Budget negotiators still working to craft a deal
The leaders of a group of lawmakers charged with negotiating a short-term budget deal within the next month said they are continuing to work together to shape an agreement but had no progress to report.
"We are not there yet," said House Budget Committee Chairman Paul Ryan, R-Wis., the Republican leader. Sen. Patty Murray, D-Wash., representing the Democrats, observed that "our budgets are dramatically different," but still said she was "encouraged" by their conversations.
The 29 lawmakers who are negotiating a short-term budget deal had their second public meeting Wednesday, a question-and-answer session with Doug Elmendorf, the director of the Congressional Budget Office. Elmendorf told lawmakers that while a long-term budget deal would be "beneficial," even a smaller agreement that reduced uncertainty about the coming fiscal climate and refrained from adding to long-term budget woes would be a good thing.
"Big steps are better than small steps, but small steps are better than no steps at all," said Elmendorf, who came armed with a hefty study on ways to reduce the deficit.

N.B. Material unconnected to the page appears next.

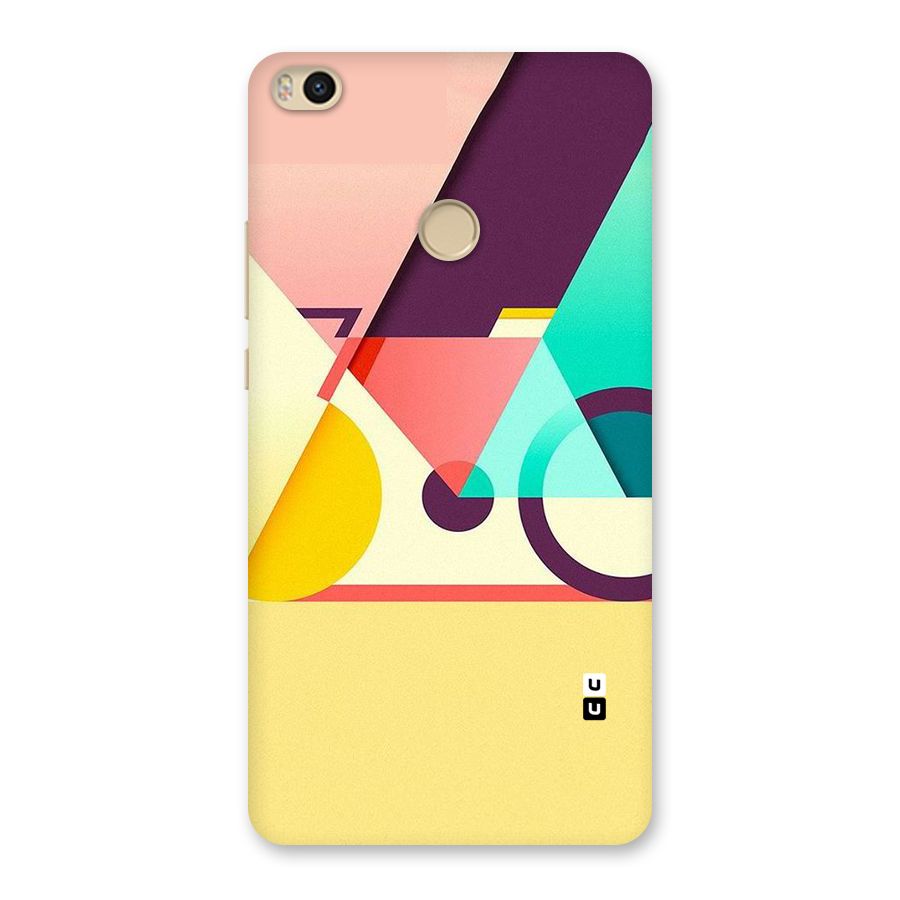 Abstract Cycle Back Case for Mi Max 2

The lawmakers have been instructed to craft a budget deal by Dec. 13 in order to avoid the government from shutting down again in January. Even though the two budgets put forth by the House and Senate are only $91 billion apart on 2014 spending levels, deep ideological issues may prevent the two sides from bridging that gap. Both sides would like to offset some of the automatic, across-the-board spending cuts mandated by sequestration, for example, but Democrats would like to do so by raising revenue and Republicans would like to find further cuts to domestic programs and reform entitlement programs in order to restore some of the lost money for defense spending.
In an op-ed in the Washington Post last weekend, Murray argued that raising revenue by cutting wasteful tax loopholes should be a part of any deal. She portrayed it as part of a compromise in exchange for Democrats finding further spending cuts in the budget. "While we scour programs to identify savings, Republicans have to work with us to scour the bloated tax code and close loopholes used by the wealthiest Americans and corporations to replace the other half of sequestration," she wrote.
But Ryan has resisted the budget conference as a forum for tax reform, preferring to leave the work to Senate Finance Committee Chairman Max Baucus, D-Mont., and House Ways and Means Committee Chairman Dave Camp, R-Mich., who are hammering out a broader set of changes to the tax code. "If we look at this conference as an argument about taxes, we're not going to get anywhere," Ryan said at the group's first public meeting in October.
Murray addressed the issue in her op-ed, writing that she agreed the group shouldn't be tackling major tax reforms. "But closing a few wasteful loopholes now would not threaten the much larger debate over simplifying the 75,000-page tax code," she wrote. "In fact, doing so would underscore how much more work remains."
Some of the members of the group, including Reps. Tom Cole, R-Okla., and Nita Lowey, D-N.Y., said the group needs to work quickly in order to let the appropriations committees get their work done.
"Reaching a number by Dec. 13 is absolutely doable. We should get in a room and get that done," Lowey said. Cole called it "a matter of some urgency" and said the group should wrap up its work by the Thanksgiving recess.